Honyaki feels very hard, like how a Kato feels to me. It came with slightly thick edge OOTB, and JNS 1k wouldn't want to raise a burr. I ended up going down to beston 500, and it managed to raise a burr very quickly, then JNS 1k and natural aoto. Chasing down burr was easy, perhaps using natural aoto helps.

For the cladded knives, they are very thin already, so I only had to do JNS 1k for just a few passes, then natural aoto. Sharpening was relatively easy and straight forward; kinda felt typical for a good blue #2 knife.

I don't think James is planning to sell it blade only, as this supposes to be a well finish package with nice handle, saya, wooden box, and a cloth bag. You could nevertheless try to ask him directly.


----------



## pkjames

Just realized this thread. Thanks very much Chanop 

As for the blade only, unfortunately there is currently no plan of selling the blades only, but will be able to offer handle upgrade options.


----------



## cheflarge

WOW!!! Nice site! :cool2:


----------



## CoqaVin

schanop how reactive is the san mai?


----------



## schanop

CoqaVin said:


> schanop how reactive is the san mai?



I would rate it as better one compared with other iron cladded knives I have tried, including single bevel.
This could be a result of how it has been polished from the sharpener. It has got a very fine polish on the body. Although diagonal grind marks are visible, they are very very fine, similar quality level to a Hide ko deba I have. Bevel has a good polishing level too, as good as Suisin and Hide kasumi single bevel knives I have seen.

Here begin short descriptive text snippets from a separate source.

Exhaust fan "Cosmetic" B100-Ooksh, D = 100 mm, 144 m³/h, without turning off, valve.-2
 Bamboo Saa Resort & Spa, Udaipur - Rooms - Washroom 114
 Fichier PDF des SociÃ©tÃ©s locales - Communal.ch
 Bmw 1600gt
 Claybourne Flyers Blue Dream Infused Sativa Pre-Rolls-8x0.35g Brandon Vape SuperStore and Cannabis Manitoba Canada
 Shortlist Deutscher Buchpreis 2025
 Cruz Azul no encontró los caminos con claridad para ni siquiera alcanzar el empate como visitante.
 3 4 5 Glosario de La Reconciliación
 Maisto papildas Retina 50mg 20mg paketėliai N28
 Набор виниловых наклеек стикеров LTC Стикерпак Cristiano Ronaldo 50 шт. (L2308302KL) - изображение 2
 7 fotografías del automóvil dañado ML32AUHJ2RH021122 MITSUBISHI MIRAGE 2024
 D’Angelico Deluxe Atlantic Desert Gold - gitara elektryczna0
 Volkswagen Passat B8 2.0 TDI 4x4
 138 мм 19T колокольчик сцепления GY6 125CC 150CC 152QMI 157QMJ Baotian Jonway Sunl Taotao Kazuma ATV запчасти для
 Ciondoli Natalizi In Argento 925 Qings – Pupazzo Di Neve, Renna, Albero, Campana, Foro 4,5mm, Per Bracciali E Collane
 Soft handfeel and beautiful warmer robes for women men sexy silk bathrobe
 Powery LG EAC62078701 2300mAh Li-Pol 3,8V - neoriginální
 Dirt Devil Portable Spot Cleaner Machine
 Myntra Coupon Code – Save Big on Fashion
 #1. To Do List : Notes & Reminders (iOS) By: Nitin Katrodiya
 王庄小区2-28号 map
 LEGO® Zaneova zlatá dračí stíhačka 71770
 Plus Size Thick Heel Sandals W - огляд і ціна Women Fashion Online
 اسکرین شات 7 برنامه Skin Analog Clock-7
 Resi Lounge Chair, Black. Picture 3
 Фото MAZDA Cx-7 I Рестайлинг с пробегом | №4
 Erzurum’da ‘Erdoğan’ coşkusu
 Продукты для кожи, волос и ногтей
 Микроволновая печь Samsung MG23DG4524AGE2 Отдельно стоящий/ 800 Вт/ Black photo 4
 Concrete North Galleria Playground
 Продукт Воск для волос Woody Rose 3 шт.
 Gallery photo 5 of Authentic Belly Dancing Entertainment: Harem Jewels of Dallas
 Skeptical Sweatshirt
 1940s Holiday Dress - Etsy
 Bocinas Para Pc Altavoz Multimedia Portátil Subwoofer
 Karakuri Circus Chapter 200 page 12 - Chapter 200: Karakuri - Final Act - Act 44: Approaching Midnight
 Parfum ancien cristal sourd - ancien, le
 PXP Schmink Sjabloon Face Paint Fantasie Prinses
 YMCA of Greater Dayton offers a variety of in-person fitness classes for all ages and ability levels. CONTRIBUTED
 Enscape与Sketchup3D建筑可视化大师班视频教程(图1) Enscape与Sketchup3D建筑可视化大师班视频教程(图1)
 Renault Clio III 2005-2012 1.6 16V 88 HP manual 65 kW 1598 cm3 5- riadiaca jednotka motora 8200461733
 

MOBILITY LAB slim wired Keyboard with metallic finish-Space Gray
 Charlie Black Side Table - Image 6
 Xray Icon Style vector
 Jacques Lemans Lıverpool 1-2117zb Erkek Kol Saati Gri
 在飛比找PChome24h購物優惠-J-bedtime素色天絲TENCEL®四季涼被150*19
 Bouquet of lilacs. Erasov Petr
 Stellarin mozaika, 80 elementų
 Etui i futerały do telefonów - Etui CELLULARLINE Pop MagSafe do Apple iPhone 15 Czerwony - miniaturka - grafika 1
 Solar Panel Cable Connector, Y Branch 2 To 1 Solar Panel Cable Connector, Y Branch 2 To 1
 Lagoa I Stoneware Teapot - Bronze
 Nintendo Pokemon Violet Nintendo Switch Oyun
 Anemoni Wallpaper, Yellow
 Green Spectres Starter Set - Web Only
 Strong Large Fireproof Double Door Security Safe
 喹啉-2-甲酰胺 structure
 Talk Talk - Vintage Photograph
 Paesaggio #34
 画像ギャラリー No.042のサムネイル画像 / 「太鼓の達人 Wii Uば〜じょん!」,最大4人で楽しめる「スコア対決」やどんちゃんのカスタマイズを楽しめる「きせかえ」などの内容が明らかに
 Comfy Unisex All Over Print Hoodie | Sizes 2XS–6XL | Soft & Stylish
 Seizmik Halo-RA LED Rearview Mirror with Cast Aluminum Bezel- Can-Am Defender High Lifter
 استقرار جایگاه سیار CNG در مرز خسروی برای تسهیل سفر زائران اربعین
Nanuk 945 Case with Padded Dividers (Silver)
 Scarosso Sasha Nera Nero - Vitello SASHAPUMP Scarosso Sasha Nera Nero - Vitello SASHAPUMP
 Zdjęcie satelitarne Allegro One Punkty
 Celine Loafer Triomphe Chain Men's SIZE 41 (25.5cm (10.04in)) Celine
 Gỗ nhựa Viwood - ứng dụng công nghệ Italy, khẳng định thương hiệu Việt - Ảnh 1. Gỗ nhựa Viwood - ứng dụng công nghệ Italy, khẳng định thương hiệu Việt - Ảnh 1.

This picture was from a week of home use before returning it to James.


----------



## CoqaVin

hmm not bad at all, and it takes on a nice BLUE patina, the monosteel White #2 I have, takes on all types of colors only SOME blue


----------



## labor of love

schanop, the weight is listed at 246 grams for the gyuto. Im guessing the ebony handle has a bit more heft to it than some other common handle woods. Do you have any idea where the balance point on the knife is?


----------



## pkjames

I am pretty sure this can answer


----------



## salmonkiller

Those are some pretty sweet tools you have.Thanks for sharing and taking the time to post the reviews.


----------